Erik Thomson was born in Inverness in Scotland. His family relocated to Tauranga when he was seven. Thomson's teacher often got pupils to sample plays from the School Journal, with each child reading out a part. "I used to love getting to that time of the day ... and the whole acting and drama thing made me comfortable and allowed me to feel accepted into a new place and culture. I just carried on doing it."

At high school he was a "jack of all trades"; he was also playing rugby, and performing Clash and Flying Nun songs in a band with Tim Balme. By now the family had moved to Upper Hutt, where quiz king Selwyn Toogood was their next door neighbour. At Victoria University Thomson had almost finished a Drama and English Literature degree before someone mentioned the idea of auditioning for drama school. He got in. After graduating in 1990 he worked prolifically in theatre, although he was most recognised in this period for six ASB bank adverts, in which he played husband to Lucy Lawless and father to baby 'Stanley'. 

As he says in this video interview, Thomson's first experience of working for television involved spilling a glass on his clothes during a big crowd scene for 1990s resort drama Marlin Bay. He'd won a small but recurring role as a waiter. 

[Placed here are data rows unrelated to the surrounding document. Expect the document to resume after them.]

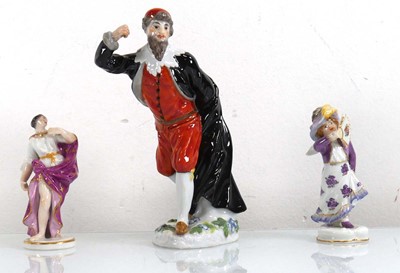 Lot 266 - A Meissen style figure 'Pantalone', h. 13 cm,...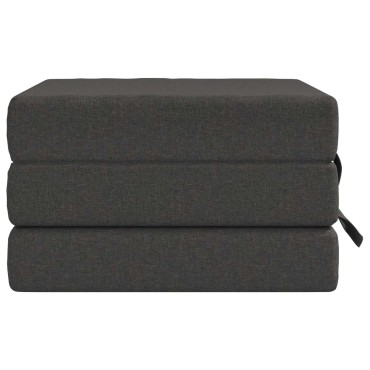 vidaXL Κρεβάτι Καναπέ Αναδιπλούμενο 75x63x45cm Σκούρο Γκρι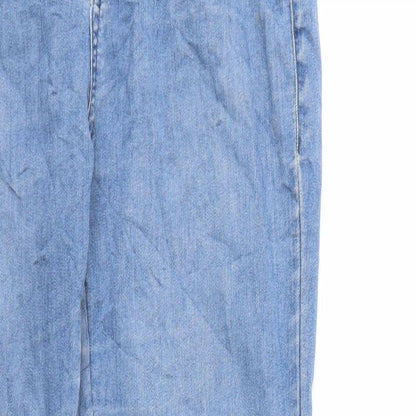 Denim & Co. Womens Blue  Denim Skinny Jeans Size 12 L29 in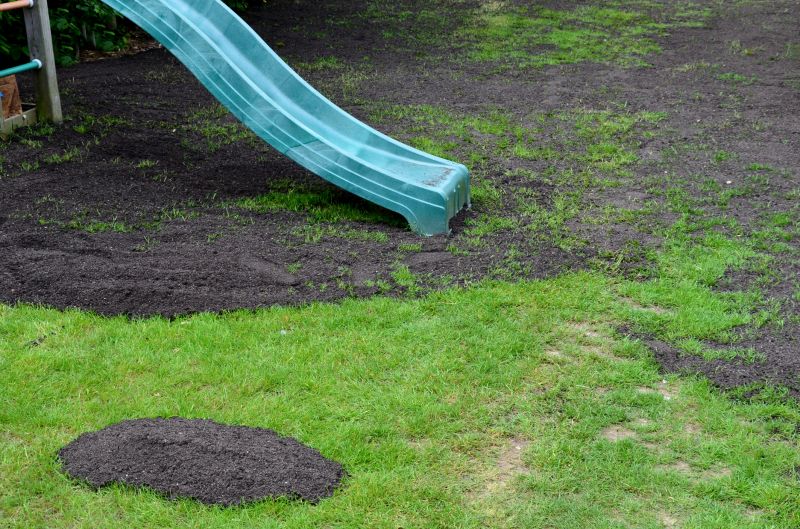 Prevent water pooling and soil compaction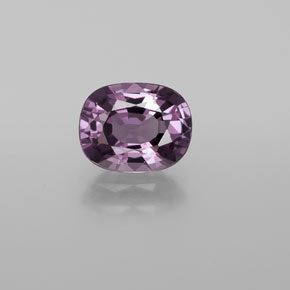 1.65캐럿 천연 다크 퍼플 스피넬, 타원형 컷, 8×6.3 mm, VS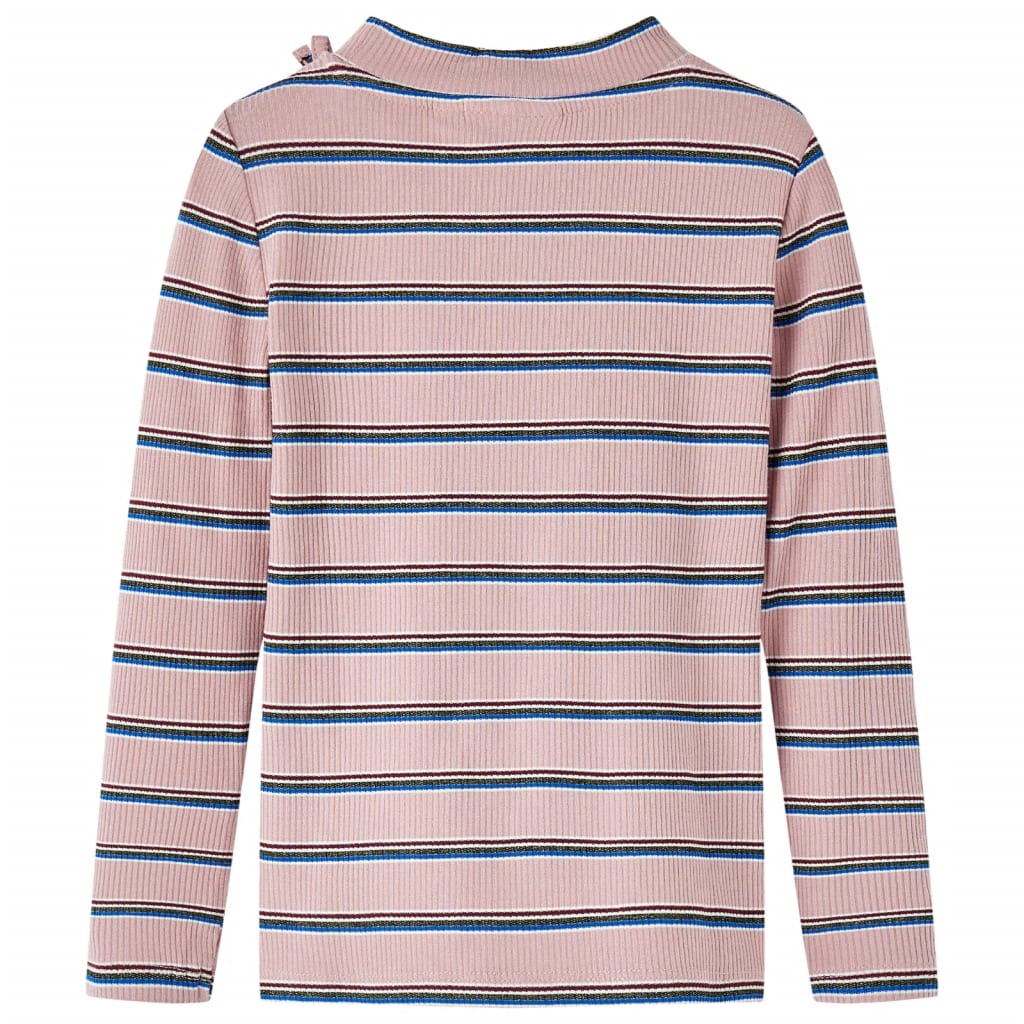 Tricou pentru copii cu mâneci lungi, roz deschis, 140 GartenMobel Dekor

Later he played an American GI in acclaimed Sonja Davies biographical drama Bread & Roses, one of the cops in Plainclothes, and small parts in forgotten surf and crime show High Tide. In 1994 he co-starred opposite Danielle Cormack in Twilight-Zone style short film Snap, which was invited to a number of international film festivals including Clermont-Ferrand.

Hercules: The Legendary Journeys casting director Diana Rowan told the producers to grab Thomson between his many theatre roles. "You'll really like him." After appearing in an early episode, Thomson was invited to play Hades on 'The Other Side', during Hercules' second season. Thomson ending up bringing a "neurotic Woody Allen" interpretation to the overworked God of the underworld, both on Hercules and spin-off Xena: Warrior Princess. Hades was seen less often after Thomson joined Australian soap Pacific Drive, a show he admits taking partly because the Gold Coast location was "a surfer's paradise".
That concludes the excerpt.